"We want to minimize discussion of our problems," said Joseph Maraziti, a partner in the Short Hills-based law firm of Maraziti Falcon & Healey, in his opening remarks. Maraziti is a board member of PlanSmart NJ, a Trenton-based regional planning group. The reference, of course, was to the negative press the state has been garnering recently regarding its economy and business climate.
"We've talked enough about our problems," Maraziti told the audience of government officials, planners and business leaders. "We're here to talk about solutions. There is a sense of urgency about the future of New Jersey, we're rapidly approaching build-out, the margins of error are extremely narrow and it affects everything. We need to solve our problems collaboratively and cohesively."
Economic consultant Michael Gallis of Charlotte, NC-based Gallis Associates said that "New Jersey is perhaps the best-positioned state to take advantage of global change, but the biggest surprise is that we're not taking advantage of that. The state is drowning in problems, and not taking advantage of its position."
Those advantages include everything from the state's ports to its knowledge-based economy and well-educated labor force. Calling the state "a key opportunity zone of the world," he urged planners to "think in terms of fitting into markets" when it comes to building its economy. Referring to the state's position as part of the metro New York and Philadelphia markets, Gallis said that "it's not about political boundaries. It's all interconnected."
He also blamed the Federal government for the way it doles out transportation money, and specifically for "not giving New Jersey the money it needs for transportation in order to perform its national function.
"New Jersey sits in the middle of the largest economic concentration, from Boston to Washington. Is that a problem?" he asked. "New Jersey has the country's third largest industrial market.
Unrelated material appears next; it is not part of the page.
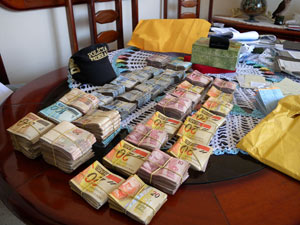 Dinheiro apreendido num galpão onde a PF encontrou carros importados (Foto: Divulgação/PF)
Is that a problem? It has one of the largest office markets. Is that a problem? New Jersey has every advantage, but government thinking is not in tune. Government won't do it on its own; it has to be a public-private effort."
As part of a follow-up panel, Katherine Kish, co-executive director of Einstein's Alley, a Kingston, NJ-based planning group that promotes Central New Jersey for economic development, termed her organization "an example of new visionism, a way of thinking," of the type of effort to which Gallis was referring. "We're trying to disrupt the 'old' thinking about New Jersey."
In terms of globalization of commerce, Sam Crane, principal of Crane Consulting, Newark, predicted that the much-publicized widening of the Panama Canal "will fundamentally change the way goods are shipped in the US." By providing all-water access for more goods from Asia, bypassing the West Coast, more goods "will move around New Jersey and the region." He called for greater "system-wide efficiency" to handle it.
And Dennis Bone, president of Verizon New Jersey, Newark, emphasized the "integrated global information network" and its rapid changes. "It has huge implications for our strategies.
"New Jersey has special advantages," Bone said, referring specifically to the state's knowledge base. "We have to focus on how to leverage our knowledge base, coupled with our density and other assets, to our advantage," he concluded.